Despite the absence of immediate disruptions in the Middle East, which is responsible for about one-third of the world’s crude oil supply, there has been a reduction in the war-risk premium. However, Brent remains approximately 7% higher than before the October 7th attack. Key factors for a potential further surge in prices include increased compliance checks on sanctioned Iranian oil by Washington and potential disruptions to crucial shipping routes by Tehran.
The U.S. has announced plans to deploy additional military forces to the Middle East in an effort to deter groups like Hezbollah from seeking to expand the conflict. In a separate development, Hamas released two more hostages, both elderly women, from the Gaza Strip on Monday.

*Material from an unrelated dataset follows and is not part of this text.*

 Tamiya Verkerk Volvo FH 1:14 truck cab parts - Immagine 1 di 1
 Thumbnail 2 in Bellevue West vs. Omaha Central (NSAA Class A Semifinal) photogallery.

Priyanka Sachdeva, a senior market analyst at Phillip Nova Pte, commented, “Diplomatic efforts in Gaza are suggesting the possibility of de-escalation, which is impacting the momentum in oil prices. Markets are also eagerly awaiting further indicators of the U.S. economy to assess domestic demand for fuel.”
Traders had been increasing their bullish positions in oil due to the conflict. In the week ending October 17th, money managers raised their bets on higher Brent crude prices by the most in seven years. Much of the heightened oil trading activity in recent days has been focused on the options market, with a record number of Brent calls changing hands over the past week.